Captured Information¶
For each stage, the signature includes: - Input tensor shapes, dtypes, and devices - Output tensor shapes (if applicable) - Non-tensor parameters (int, float, str) as metadata
Output Location¶
Default output directory structure:
work_dirs/profiler_output/{TELEFUSER_PIPELINE_NAME}/{YYYYMMDD_HHMM}/
├── timing.json # Layer 1 stage timing report
├── timing_io_signature.json # I/O signatures for harness
├── denoise_trace.json.gz # Layer 2 Chrome trace (single iteration)
├── denoise_breakdown.json # Layer 2 top 50 kernels
└── profile_denoise.py # Auto-generated test script
Set TELEFUSER_PIPELINE_NAME environment variable to organize outputs by pipeline.
Signature Format¶
{
"request_id": "req_20260402_...",
"timestamp": "2026-04-02T...",
"stages": {
"denoise": {
"stage_name": "denoise",
"input_signatures": {
"latents": {"shape": [1, 16, 21, 60, 104], "dtype": "bfloat16", "device": "cuda:0"},
"prompt_emb_posi": {"shape": [1, 512, 4096], "dtype": "bfloat16", "device": "cuda:0"},
"cfg_scale": 5.0
},
"output_signature": {...},
"metadata": {"num_inference_steps": 40, "sigma_shift": 8.0}
}
}
}
Stage Bench Harness (Layer 2)¶
The StageBenchHarness enables isolated profiling of individual stages using captured I/O signatures.

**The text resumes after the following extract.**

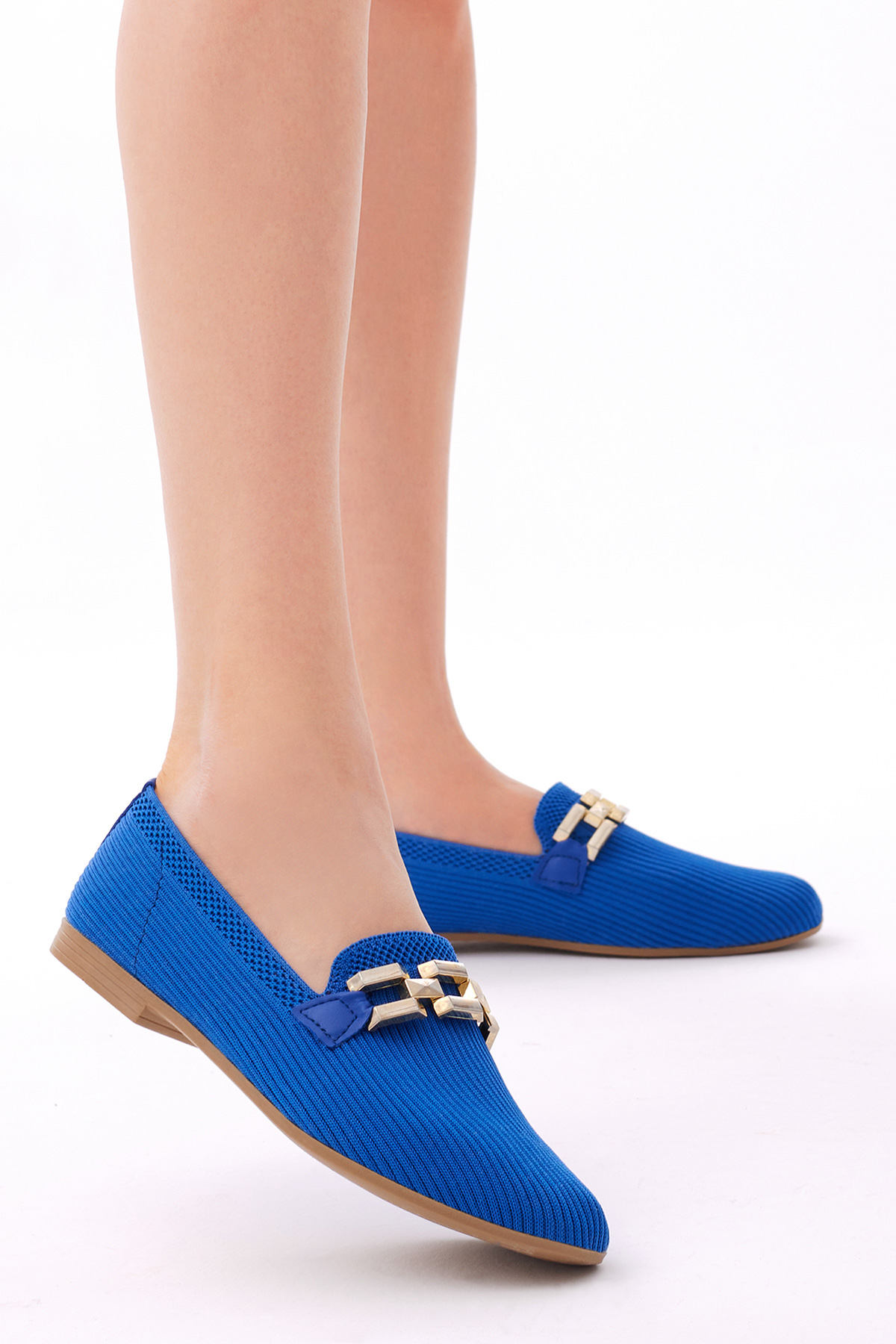 Kadın Sax Rahat Kalıp Tokalı Örgü Babet - Görsel 2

This is especially useful for DiT models that iterate 40+ times, where full pipeline profiling creates massive trace files.
Benefits¶
| Aspect | Full Pipeline | Isolated Harness |
|---|---|---|
| Trace size | 100MB+ | <10MB |
| Iterations | 40+ (redundant) | 1 (clean) |
| Memory | Full pipeline | Stage only |
| Analysis | Hard to isolate | Clear view |
| Reproducibility | Manual setup | Auto-generated script |
Usage¶
from telefuser.utils.stage_bench_harness import StageBenchHarness, HarnessConfig
# Create harness from signature file
config = HarnessConfig(
warmup=1,
profile_steps=1,
# output_dir defaults to work_dirs/profiler_output/{pipeline_name}/{date}
)
harness = StageBenchHarness.from_signature_file(
signature_path="work_dirs/profiler_output/wan21_t2v/20260402/timing_io_signature.json",
stage_name="denoise",
stage_instance=pipeline.denoise_stage, # Pass loaded stage
config=config,
)
# Setup and profile
harness.setup()
results = harness.profile()
# Output files:
# - denoise_trace.json.gz (Chrome trace, single iteration)

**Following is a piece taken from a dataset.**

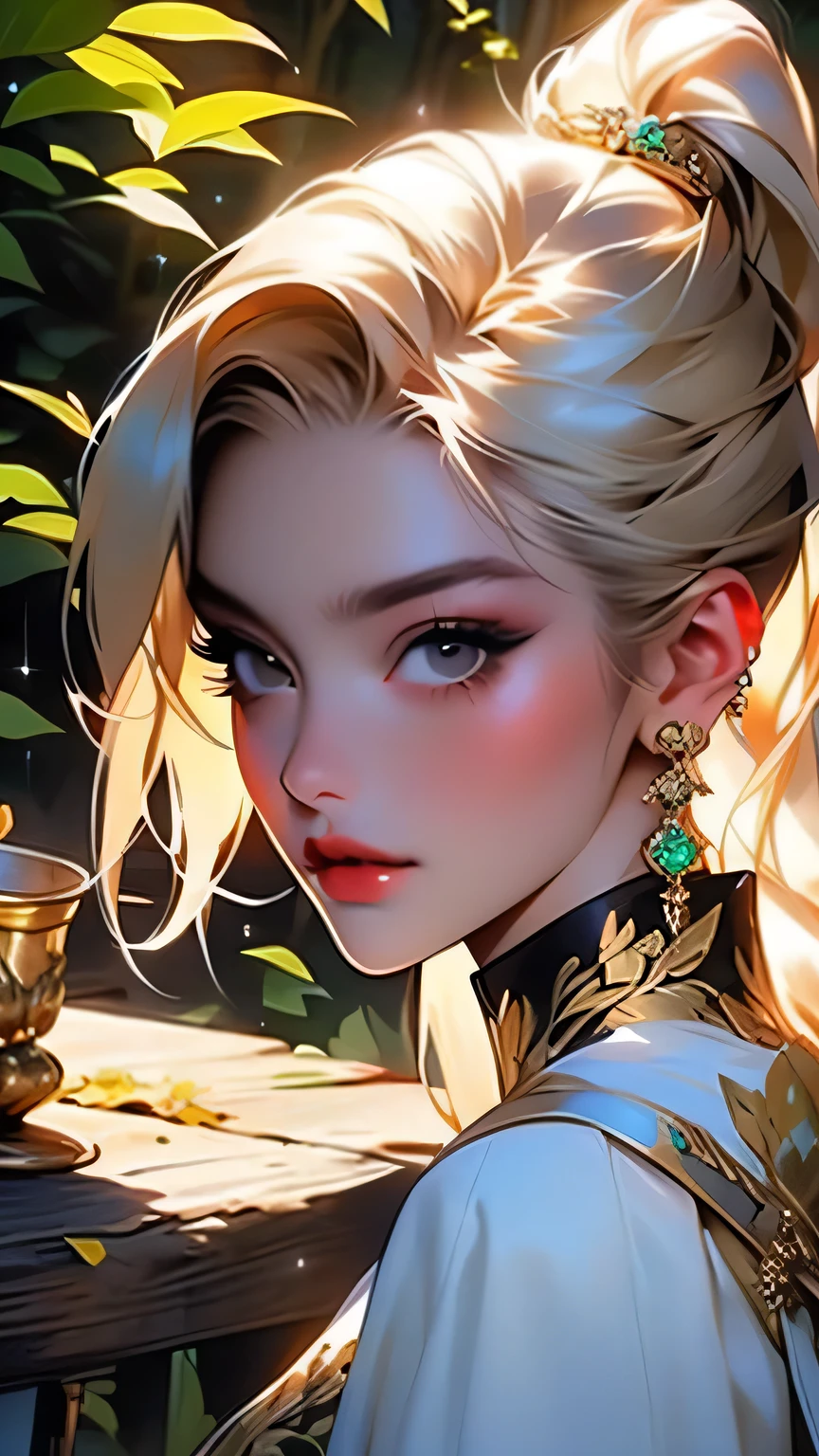 (((Face close-up)))、(((masterpiece, Highest quality, High resolution, Attention to detail)))), One, ((Fantasy)))), (A peerless beauty)))), (White short skirt with gold embroidery), (Long blonde ponytail:Dumpling1), (Shiny, dark black eyes), (Green surcoat with gold embroidery), big, (((at night forest)), (Many beautiful flowers are blooming)), Sit in a chair and look here , Particles of light flying、(((Face close-up)))、Face close-up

# - denoise_breakdown.json (top 50 kernels)
# - profile_denoise.py (auto-generated test script)
Dynamic Single-Step Execution¶
For DiT stages with internal loops, the harness automatically creates a single-step function by detecting the dit and scheduler attributes. No modification to stage code is required.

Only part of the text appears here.